● WORK REQUIRED
Within the lines below, the span from the line with "Love bert online" to the line with "Nagato coffee tables", both ends included, is to be reproduced exactly, with pictures omitted.

● INPUT FOR THIS TASK
________________________________________

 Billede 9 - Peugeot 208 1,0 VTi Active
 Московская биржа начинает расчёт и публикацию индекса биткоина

________________________________________

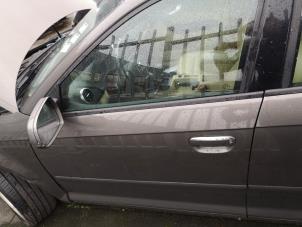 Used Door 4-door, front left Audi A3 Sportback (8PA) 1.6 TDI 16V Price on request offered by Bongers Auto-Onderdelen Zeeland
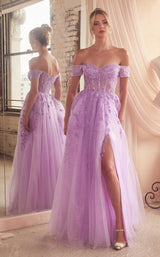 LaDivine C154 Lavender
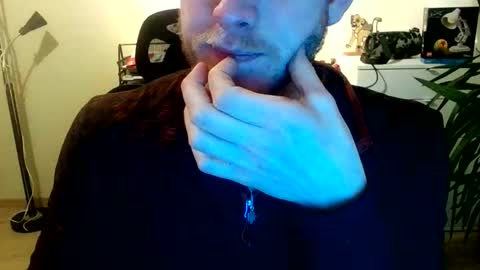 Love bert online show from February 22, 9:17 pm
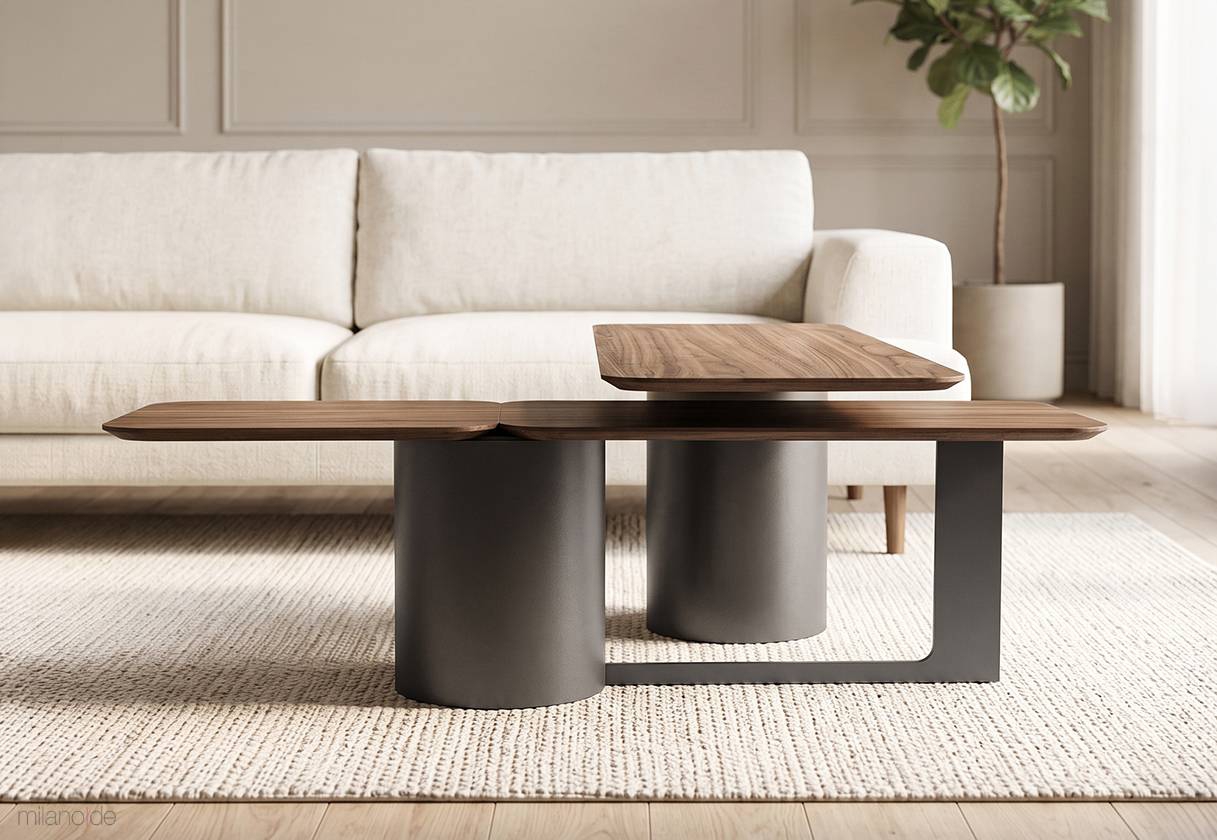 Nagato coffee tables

________________________________________

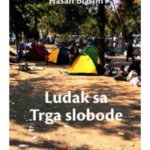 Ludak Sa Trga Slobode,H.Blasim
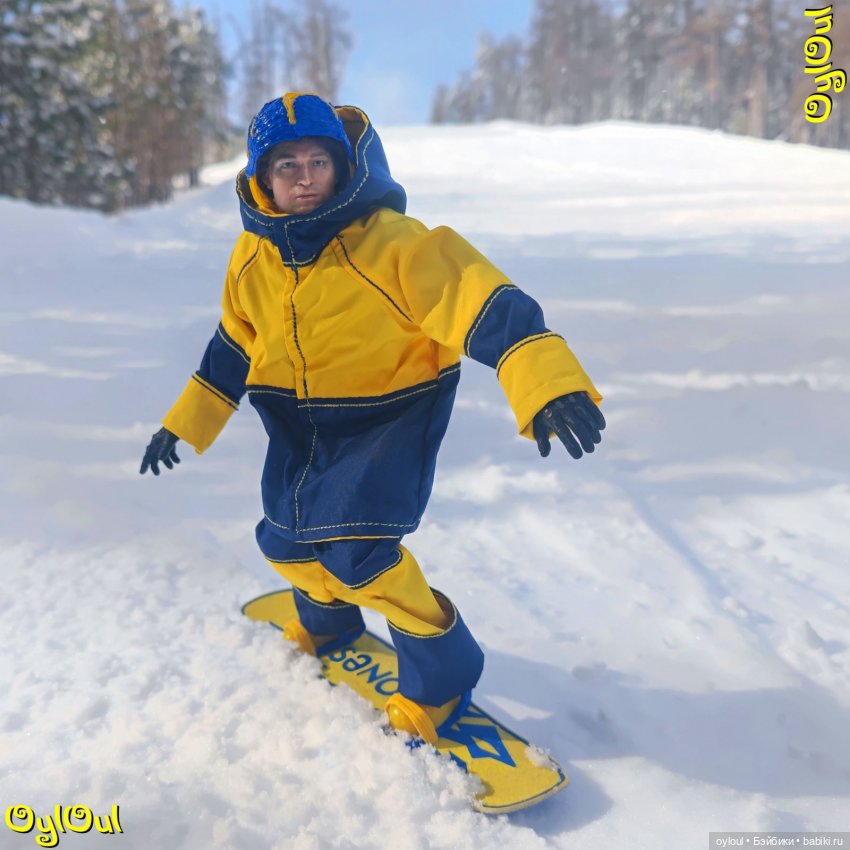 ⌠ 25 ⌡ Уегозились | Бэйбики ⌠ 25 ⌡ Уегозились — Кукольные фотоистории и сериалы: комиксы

________________________________________

● SOLUTION FOR THIS EXERCISE
 Love bert online show from February 22, 9:17 pm
 Nagato coffee tables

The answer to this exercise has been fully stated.